“I have no patience with you,” said Paul. “She looks twenty because she is wonderful. You are blind. You cannot see. It is because her father is an old man that she is so spoiled and so wonderful. Doctor Joseph is twenty years older than his wife and consequently Muriel is precocious.”

“Doctor Joseph is about a thousand years older than his wife in brains,” I said, laughing. “I do not fancy Mrs. Joseph. She is a hard woman.”

Thus we discussed people who looked upon us as the silly goslings that we certainly were—fluffy, callow birds, not half-fledged.

The eve of the dance arrived at last. I thought it never would come, and half-hoped it would not, or that I had not been invited. I wished to get it over. I hated to go, yet could not stay away.

I wore my first evening clothes that night. I had only worn them a very few times before and knew exactly how green and gawky I was. I feared that my shyness and simplicity would make her smile, which did not increase my confidence in myself.

I went to the dance in a high fever and when she greeted me I blushed. She looked at me with kind eyes—eyes that understood. How I love people who understand and can let you know without words. The understanding eye is one thing, the knowing eye is another. Muriel had the former, with no gleam of the latter.

We call the mounting of a jewel a setting, and the word “setting” seems to me the only fitting word to use regarding Muriel’s dress, it so completed her. She was set in a severely plain but beautiful gown of bluish or purplish gauzy brocaded stuff which appeared to me more like an artistic drapery than a mere woman’s dress. I know the tint intensified her pallor. I noticed this time, too, that a delicate pink flush flitted beneath her skin when she became animated. This colour was not a blush and could hardly be called colour; it was the shadow of a shade of pink which came and went like magic. She was entirely without ornament of any kind except a small diamond star she wore in her hair, which was done plainly, a large artistic knot resting low down upon the nape of her neck.

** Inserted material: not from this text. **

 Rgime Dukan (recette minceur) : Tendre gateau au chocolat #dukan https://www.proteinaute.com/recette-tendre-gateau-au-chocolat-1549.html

I knew, after the dance, that everything Paul had said of Muriel was true. It was even far short of the truth. There were many, many things which he had not said of her, that I could have told him, for, of course, I saw everything—everything that was there, along with many attributes that were not there. I was in love with a woman, not this time with the detail of a woman, but with every dear part of her. I believe she saw it at once. I was a new experience to her. Her men friends and admirers had all been of the sophisticated world. I had the charm of freshness for her. I was frank, I blushed easily and frequently, I could not dance—really I was a most rare and uncommon boy.

My admiration must have been very apparent. Paul saw it and did not resent it. He thought it was only admiration. He could not imagine such audacity in me as love for the incomparable Muriel. Even if he could have imagined it, he would have laughed the idea to scorn; for did not Muriel know him, admire him, love him? Did he not dance with grace and sing to command admiration?

“Jack Wesblock? Bah! A mere gawk!” he would have said, without hesitation.